─── TASK INPUTS ───
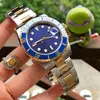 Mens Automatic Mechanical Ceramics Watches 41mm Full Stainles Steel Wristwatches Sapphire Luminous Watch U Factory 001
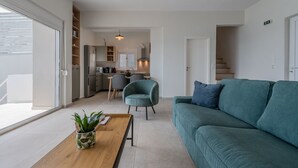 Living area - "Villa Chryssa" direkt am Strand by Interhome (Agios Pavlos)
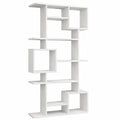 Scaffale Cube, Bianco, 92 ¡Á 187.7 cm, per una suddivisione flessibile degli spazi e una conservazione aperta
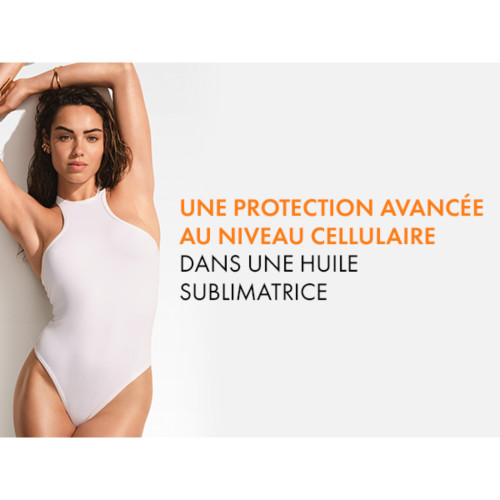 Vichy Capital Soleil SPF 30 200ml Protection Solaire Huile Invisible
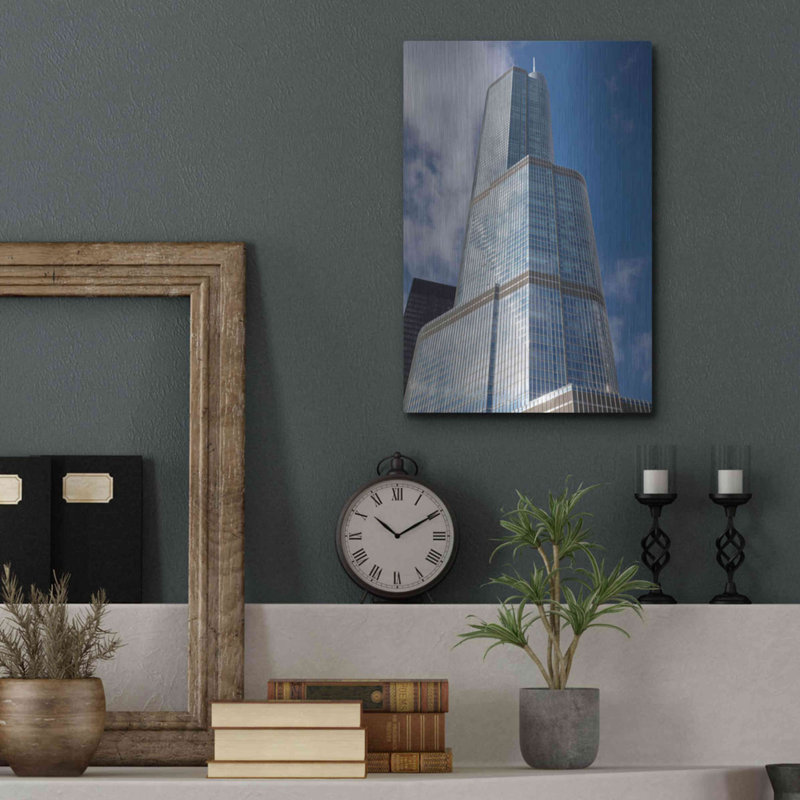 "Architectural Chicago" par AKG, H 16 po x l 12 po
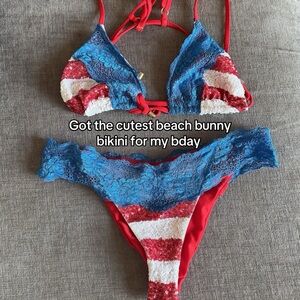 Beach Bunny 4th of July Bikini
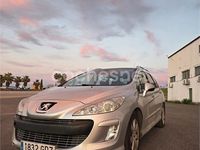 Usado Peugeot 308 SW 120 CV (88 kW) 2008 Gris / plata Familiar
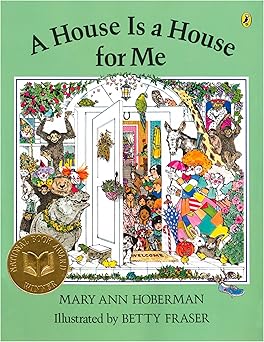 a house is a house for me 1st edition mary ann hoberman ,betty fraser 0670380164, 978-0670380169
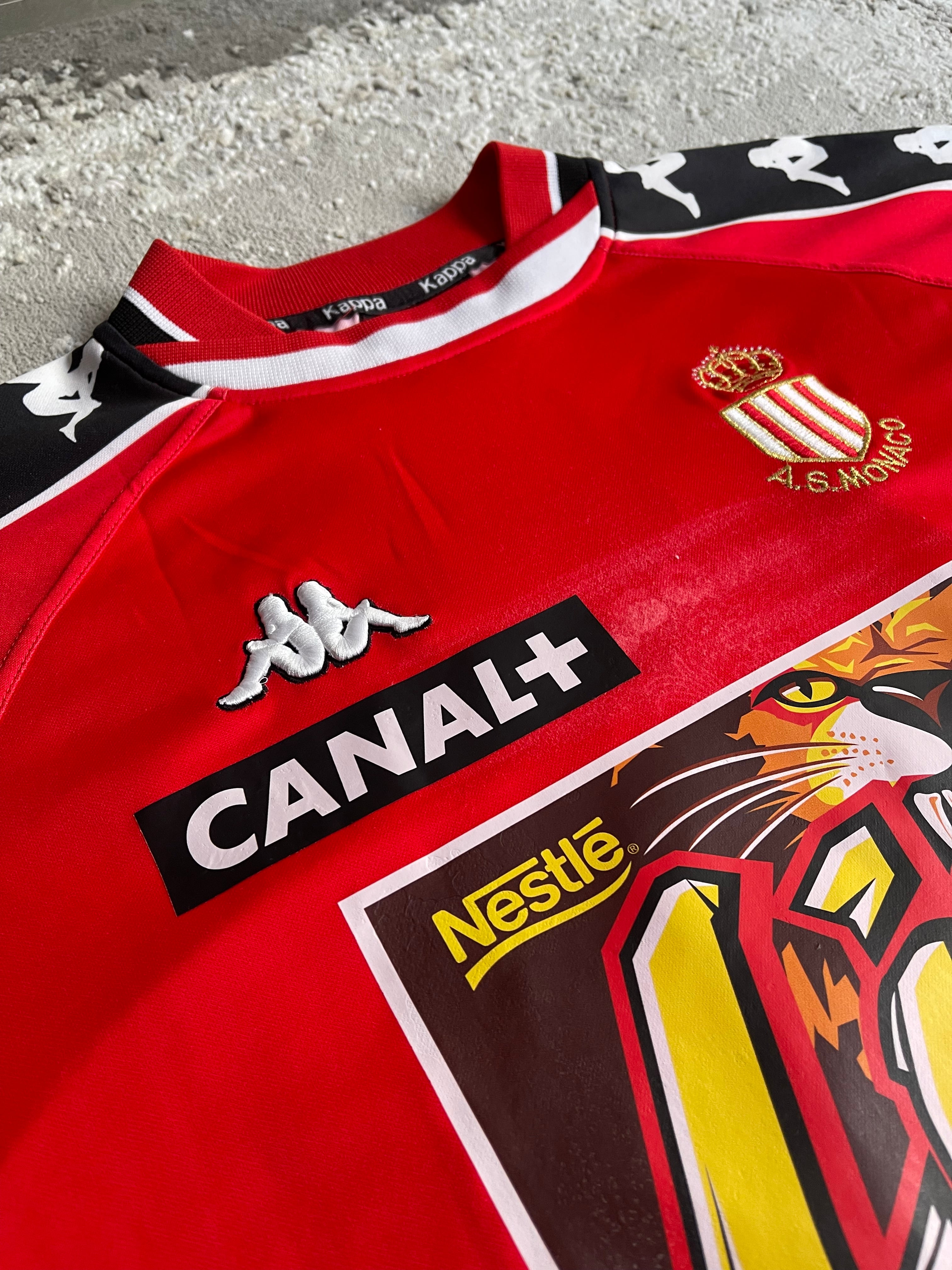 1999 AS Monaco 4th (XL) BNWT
───
**WHAT THE TASK REQUIRES:** Exactly reproduce each entry, but drop the pictures.

**WRITTEN ANSWER:**
 Mens Automatic Mechanical Ceramics Watches 41mm Full Stainles Steel Wristwatches Sapphire Luminous Watch U Factory 001
 Living area - "Villa Chryssa" direkt am Strand by Interhome (Agios Pavlos)
 Scaffale Cube, Bianco, 92 ¡Á 187.7 cm, per una suddivisione flessibile degli spazi e una conservazione aperta
 Vichy Capital Soleil SPF 30 200ml Protection Solaire Huile Invisible
 "Architectural Chicago" par AKG, H 16 po x l 12 po
 Beach Bunny 4th of July Bikini
 Usado Peugeot 308 SW 120 CV (88 kW) 2008 Gris / plata Familiar
 a house is a house for me 1st edition mary ann hoberman ,betty fraser 0670380164, 978-0670380169
 1999 AS Monaco 4th (XL) BNWT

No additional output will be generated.